May 24, 2021
May is Ehlers Danlos Syndrome (EDS) Awareness Month, so today I’m sharing my experience with the condition. I have hypermobility type EDS (hEDS), but there are 12 other types of EDS.
When it comes to hEDS, there are a very wide range of symptoms that affect everyone differently. Personally, I am very lucky in that my symptoms are much milder than those of others. My main symptoms come from my joint and breathing problems. I cannot comfortably walk or stand for long periods of time (more than about 30 minutes to an hour) and running is completely out of the question because I get so out of breath. My knees and hips are extremely hypermobile, as are my shoulders, wrists, and fingers. This has largely disappeared with the physical therapy I do, but I also get random, intense aches in my ankles that have no observable cause and can last for hours if untreated. I also bruise very easily and scratches and cuts never fully heal, I’m always left with purple spots where the wound was. The other very common EDS symptom I have is that Lidocaine does not work on me and I need a lot of anesthesia for it to actually work (the last three times I got teeth pulled, I had a bad reaction to the anesthesia, most likely because I needed so much of it that it made me sick). The last of my main symptoms is fatigue. In addition to my EDS symptoms, I also have symptoms from the conditions commonly associated with hEDS, POTS (a form of dysautonomia) and Raynaud’s Syndrome. From these conditions I get lightheaded when I stand up and I am almost always cold with purple hands.
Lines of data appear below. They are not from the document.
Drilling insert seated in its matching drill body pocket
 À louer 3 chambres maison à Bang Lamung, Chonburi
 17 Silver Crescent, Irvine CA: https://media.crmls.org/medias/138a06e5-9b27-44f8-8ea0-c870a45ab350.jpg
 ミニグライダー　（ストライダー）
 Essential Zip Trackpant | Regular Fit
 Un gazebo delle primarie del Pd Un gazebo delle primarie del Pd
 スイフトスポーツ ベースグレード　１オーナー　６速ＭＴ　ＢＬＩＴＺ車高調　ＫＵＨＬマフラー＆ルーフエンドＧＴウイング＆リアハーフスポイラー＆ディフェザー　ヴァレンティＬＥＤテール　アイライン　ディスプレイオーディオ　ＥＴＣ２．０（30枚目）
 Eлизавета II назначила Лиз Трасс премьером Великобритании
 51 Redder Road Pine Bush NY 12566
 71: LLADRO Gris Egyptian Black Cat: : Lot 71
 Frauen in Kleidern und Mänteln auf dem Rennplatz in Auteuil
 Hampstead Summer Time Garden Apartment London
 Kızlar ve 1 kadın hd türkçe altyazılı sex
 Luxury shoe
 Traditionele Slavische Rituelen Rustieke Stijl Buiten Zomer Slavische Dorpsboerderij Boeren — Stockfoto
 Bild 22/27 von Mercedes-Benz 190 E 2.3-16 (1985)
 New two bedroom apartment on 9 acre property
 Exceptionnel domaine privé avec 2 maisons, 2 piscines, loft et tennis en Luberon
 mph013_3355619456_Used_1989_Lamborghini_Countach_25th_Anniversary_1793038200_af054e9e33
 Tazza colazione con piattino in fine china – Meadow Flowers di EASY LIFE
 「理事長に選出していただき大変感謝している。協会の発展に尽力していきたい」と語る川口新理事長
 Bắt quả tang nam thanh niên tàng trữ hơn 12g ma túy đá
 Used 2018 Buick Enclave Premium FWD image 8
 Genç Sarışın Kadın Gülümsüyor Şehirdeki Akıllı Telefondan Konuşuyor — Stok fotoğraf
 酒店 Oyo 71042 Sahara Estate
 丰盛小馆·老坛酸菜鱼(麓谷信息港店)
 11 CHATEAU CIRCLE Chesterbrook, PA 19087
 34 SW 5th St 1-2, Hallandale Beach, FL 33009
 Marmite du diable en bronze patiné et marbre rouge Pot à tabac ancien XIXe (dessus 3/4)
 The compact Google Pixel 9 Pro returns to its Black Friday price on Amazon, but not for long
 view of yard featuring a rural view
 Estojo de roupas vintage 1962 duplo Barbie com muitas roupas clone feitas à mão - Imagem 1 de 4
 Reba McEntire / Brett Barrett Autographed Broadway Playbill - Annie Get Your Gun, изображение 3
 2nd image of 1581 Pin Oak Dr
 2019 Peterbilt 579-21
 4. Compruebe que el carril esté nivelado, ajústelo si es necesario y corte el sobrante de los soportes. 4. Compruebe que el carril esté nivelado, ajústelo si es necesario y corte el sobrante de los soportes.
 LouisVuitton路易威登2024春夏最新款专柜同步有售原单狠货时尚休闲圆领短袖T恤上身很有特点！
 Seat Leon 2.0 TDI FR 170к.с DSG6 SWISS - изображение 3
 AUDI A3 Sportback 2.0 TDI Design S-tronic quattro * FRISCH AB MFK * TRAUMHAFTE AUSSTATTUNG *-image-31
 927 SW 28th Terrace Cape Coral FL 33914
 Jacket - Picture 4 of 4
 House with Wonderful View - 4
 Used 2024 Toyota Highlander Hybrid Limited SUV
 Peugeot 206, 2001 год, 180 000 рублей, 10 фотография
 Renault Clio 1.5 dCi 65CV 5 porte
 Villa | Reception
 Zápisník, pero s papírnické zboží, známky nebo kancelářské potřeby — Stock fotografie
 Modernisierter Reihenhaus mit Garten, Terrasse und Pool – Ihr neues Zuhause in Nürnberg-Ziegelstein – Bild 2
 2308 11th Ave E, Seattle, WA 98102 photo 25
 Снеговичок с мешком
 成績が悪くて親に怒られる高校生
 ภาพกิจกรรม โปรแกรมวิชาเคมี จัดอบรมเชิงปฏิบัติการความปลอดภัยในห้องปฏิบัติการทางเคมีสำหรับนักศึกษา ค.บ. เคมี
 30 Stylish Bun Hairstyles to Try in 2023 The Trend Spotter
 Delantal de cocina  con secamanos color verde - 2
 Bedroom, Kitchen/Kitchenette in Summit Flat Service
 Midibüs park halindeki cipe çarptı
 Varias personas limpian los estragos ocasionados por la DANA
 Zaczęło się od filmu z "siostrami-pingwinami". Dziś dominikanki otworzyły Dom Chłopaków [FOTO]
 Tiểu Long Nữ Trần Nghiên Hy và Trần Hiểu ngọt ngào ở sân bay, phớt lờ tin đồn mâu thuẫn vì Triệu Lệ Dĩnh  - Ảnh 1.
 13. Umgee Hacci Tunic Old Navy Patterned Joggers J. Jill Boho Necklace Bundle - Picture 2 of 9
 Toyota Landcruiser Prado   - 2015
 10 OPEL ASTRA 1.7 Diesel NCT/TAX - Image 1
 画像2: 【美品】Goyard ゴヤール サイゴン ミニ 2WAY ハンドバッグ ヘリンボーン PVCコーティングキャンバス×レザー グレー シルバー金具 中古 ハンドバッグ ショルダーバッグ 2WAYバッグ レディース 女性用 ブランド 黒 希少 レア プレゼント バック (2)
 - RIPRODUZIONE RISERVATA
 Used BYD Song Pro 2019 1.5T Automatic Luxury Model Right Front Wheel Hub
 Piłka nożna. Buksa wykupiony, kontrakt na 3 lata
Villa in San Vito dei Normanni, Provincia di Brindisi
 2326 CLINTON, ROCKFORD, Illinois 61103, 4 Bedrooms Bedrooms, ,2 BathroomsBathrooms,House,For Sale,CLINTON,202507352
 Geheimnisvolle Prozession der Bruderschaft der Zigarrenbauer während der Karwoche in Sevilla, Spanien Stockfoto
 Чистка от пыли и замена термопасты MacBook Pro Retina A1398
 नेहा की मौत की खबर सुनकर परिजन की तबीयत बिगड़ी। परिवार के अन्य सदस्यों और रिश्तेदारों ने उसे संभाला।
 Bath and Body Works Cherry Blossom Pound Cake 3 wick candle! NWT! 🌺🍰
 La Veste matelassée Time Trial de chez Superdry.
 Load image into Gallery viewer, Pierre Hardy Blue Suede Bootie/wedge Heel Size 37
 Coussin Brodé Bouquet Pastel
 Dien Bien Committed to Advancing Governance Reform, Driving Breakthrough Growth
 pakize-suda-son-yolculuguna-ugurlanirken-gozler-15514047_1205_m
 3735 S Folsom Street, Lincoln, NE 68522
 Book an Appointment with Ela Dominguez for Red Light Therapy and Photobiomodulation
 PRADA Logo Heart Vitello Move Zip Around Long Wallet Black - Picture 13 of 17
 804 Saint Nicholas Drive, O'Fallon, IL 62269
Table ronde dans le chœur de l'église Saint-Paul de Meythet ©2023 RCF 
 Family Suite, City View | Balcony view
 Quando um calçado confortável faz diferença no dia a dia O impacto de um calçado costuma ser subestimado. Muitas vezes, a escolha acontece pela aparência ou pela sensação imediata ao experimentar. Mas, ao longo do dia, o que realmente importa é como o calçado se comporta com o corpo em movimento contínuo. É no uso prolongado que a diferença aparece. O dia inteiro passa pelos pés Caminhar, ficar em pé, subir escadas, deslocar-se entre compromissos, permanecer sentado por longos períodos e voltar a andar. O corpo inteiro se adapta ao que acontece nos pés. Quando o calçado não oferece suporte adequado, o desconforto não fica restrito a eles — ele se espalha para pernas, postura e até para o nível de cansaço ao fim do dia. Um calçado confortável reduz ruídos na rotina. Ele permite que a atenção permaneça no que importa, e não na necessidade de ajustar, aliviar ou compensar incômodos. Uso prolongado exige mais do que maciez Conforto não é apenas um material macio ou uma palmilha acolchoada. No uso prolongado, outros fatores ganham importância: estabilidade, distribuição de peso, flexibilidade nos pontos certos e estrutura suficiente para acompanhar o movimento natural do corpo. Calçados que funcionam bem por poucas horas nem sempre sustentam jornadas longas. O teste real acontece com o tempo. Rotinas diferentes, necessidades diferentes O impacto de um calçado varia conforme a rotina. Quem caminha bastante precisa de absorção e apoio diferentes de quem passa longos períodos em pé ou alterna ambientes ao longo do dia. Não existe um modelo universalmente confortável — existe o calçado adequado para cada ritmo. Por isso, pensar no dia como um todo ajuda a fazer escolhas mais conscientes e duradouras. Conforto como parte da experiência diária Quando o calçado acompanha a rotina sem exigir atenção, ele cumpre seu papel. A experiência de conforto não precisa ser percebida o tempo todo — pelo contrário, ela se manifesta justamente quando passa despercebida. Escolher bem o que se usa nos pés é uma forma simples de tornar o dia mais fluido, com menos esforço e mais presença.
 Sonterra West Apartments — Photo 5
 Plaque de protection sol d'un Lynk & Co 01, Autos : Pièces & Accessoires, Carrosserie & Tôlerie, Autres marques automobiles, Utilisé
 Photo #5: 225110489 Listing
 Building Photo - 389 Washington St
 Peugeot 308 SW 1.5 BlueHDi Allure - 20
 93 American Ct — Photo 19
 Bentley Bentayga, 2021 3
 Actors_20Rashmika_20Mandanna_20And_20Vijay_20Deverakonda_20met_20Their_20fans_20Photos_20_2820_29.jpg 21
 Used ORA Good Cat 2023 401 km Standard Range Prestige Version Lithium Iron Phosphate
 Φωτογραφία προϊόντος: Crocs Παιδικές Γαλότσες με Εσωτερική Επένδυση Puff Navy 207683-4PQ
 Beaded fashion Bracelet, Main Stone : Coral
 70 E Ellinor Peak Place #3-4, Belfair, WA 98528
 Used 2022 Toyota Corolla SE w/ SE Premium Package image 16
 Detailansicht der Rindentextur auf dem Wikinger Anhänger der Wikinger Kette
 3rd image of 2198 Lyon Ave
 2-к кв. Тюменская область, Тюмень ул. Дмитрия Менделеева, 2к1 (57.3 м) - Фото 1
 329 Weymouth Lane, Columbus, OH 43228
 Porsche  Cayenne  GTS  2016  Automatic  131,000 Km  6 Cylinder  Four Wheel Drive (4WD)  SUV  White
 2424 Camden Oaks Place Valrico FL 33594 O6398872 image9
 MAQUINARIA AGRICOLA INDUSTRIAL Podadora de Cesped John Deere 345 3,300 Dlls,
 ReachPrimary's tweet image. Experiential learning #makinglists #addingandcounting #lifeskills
Although there is no cure for any type of EDS, there are a variety of treatment options. Personally, I do daily physical therapy following Kevin Muldowney’s book. I was also lucky enough to get an appointment with Kevin Muldowney in September 2018, where he gave me daily manual fixes to do and showed me how to properly tape my hips in place. He also made a video to show my physical therapist about how to tape my legs to properly align my knees and ankles. It’s been two years since I had to tape my hips/legs and do the fixes, because his method worked very well for me. I also have milder symptoms than many with hEDS so there wasn’t as much work that had to be done to get me to a generally pain-free life. I also got custom orthotics for my shoes so that my arches don’t collapse when I walk. While I have not personally tried this, a change in diet can also help some people with EDS.
It took about two and a half years for me to receive my diagnosis of hEDS and another year after that to get diagnosed with POTS and Raynaud’s Syndrome. In January 2016, I started seeing a physical therapist for Patellofemoral Syndrome because I had knee pain when climbing stairs and my knee caps are not properly aligned with the grooves in my femur. Soon after beginning physical therapy my pain had advanced to the point where the motion of sitting down or standing up caused intense pain, so I went to an orthopedist. This doctor did x-rays of my knees and hips and found that I was perfectly healthy but told me to stop my physical therapy since it was making the pain worse. Fast forward to October 2016 and when I had to run the mile in school I ended up in the nurse’s office with a stabbing pain in my chest everytime I tried to breathe after jogging 2 out of the 5 laps that would have been a mile. When it came time to run the mile again in March 2017, I wanted a note to get out of it because of what had happened in the fall, so I went to the doctor again. He told me that I seemed fine aside from the Patellofemoral Syndrome, but sent me to the cardiologist just in case. My heart is fine aside from my aorta being slightly enlarged at one end, but the cardiologist said that my symptoms were all consistent with EDS and referred me to a geneticist. In May 2017, I saw the geneticist, who thought I had hEDS and ordered a genetic test to confirm. When diagnosing subtypes of EDS, they all have known genes except for hEDS, so with that one you can only get diagnosed if your symptoms are all very consistent with hEDS and the genetic test comes back showing no EDS genes that are more likely. In September 2017, my whole family had to go to the geneticist because I had the gene for vascular EDS, a much more dangerous kind, but at that appointment I was officially diagnosed with hypermobility type Ehlers Danlos Syndrome. In October 2018, I was also diagnosed with POTS and Raynaud’s Syndrome.
Overall, when it comes to EDS and rare disease in general, it’s important to remember that there is no ‘normal’ or one-size-fits-all. Even with the same diagnosis, two people could have wildly different symptoms. It’s also important to know that EDS is not always visible and someone who doesn’t outwardly appear to need accommodations could actually need them quite a bit. For example, anyone who didn’t know about my diagnosis and hadn’t seen me attempt to run would have no idea that I could need accommodations of any kind or that I wasn’t 100% healthy.